Julius Bloch

Julius Bloch

Head Study

Lithograph

As a keen collector of contemporary sacred art, I find there are so many works where the religious subject matter is readily recognized or identified by title that I tend to shy away from art of less certain meaning. Once in a while a piece comes along to confound my well-defined categories like Graphic Artist Julius Bloch’s 1940 lithograph, Head Study. When I first saw Bloch’s icon-like, full-faced portrait of this bearded man with riveting eyes, dressed in flowing white clothes, and encircled by an aura of light, I was absolutely convinced this was an image of Christ. I hoped a bit of research would support my hunch. It didn’t. At least, not in plain text. A German-Jewish immigrant to the United States, Bloch found the subjects for his art among the working class poor, African-Americans, dispossessed farmers, and other victims of the Great Depression. Bloch did become fascinated with Byzantine mosaics later in his life but not at the time this image was made. I discovered another lithographic portrait, titled The Refugee, using the very same model, made at the very same time. In the second print, the figure’s head was turned slightly to the right. Once the electric connection with those penetrating eyes was broken, I started to have doubts about the first image. The haircut now seemed to be thoroughly modern. What I had taken for biblical garb might well have been a white towel draped over a T-shirt. Had I gotten it wrong?
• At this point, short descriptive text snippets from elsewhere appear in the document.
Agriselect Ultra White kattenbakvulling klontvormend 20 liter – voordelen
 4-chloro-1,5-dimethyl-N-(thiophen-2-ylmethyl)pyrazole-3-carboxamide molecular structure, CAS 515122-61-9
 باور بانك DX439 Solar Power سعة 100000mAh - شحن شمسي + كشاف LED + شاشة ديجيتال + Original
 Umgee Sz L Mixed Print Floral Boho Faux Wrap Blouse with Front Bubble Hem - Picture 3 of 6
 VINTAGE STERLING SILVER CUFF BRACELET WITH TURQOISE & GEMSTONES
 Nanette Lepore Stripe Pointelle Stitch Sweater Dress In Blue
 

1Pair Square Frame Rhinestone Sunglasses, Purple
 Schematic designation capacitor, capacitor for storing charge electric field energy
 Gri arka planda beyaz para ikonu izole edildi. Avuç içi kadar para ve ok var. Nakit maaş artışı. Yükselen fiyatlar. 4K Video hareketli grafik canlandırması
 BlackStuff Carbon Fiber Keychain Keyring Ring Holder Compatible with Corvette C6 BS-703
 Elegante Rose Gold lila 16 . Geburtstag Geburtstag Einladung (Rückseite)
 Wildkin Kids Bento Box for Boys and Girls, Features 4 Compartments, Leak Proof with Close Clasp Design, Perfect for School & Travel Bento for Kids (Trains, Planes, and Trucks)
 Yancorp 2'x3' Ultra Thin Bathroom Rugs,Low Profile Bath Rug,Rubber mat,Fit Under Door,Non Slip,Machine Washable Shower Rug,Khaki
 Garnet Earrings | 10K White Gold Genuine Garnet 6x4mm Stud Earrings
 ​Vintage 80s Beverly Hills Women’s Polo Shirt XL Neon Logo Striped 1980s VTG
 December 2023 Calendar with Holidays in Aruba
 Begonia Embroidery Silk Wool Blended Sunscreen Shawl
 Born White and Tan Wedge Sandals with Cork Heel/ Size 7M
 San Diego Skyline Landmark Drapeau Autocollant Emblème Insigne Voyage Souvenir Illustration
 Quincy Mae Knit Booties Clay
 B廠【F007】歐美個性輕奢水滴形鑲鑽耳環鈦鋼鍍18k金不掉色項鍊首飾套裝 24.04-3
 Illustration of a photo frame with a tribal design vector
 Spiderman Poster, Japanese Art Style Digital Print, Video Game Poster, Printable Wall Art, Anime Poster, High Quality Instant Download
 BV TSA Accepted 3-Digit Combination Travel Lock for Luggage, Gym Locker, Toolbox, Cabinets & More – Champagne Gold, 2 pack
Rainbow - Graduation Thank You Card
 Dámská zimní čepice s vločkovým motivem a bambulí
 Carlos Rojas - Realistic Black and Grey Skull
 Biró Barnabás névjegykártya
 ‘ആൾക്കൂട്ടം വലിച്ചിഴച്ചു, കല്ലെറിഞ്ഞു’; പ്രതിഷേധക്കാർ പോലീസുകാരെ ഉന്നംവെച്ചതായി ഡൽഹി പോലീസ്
Thinking it over, I came to see I wasn’t so far off in recognizing Christ in the haunted features of the refugee model, who might have been a Jew, fleeing Nazi persecution in Europe--or in any of Bloch’s studies of the poor and the displaced. Christ was, in the words of the Prophet Isaiah, “a man of sorrow and acquainted with grief,” and his face most surely fits the contours of every human face that has ever been creased by anguish and etched by pain.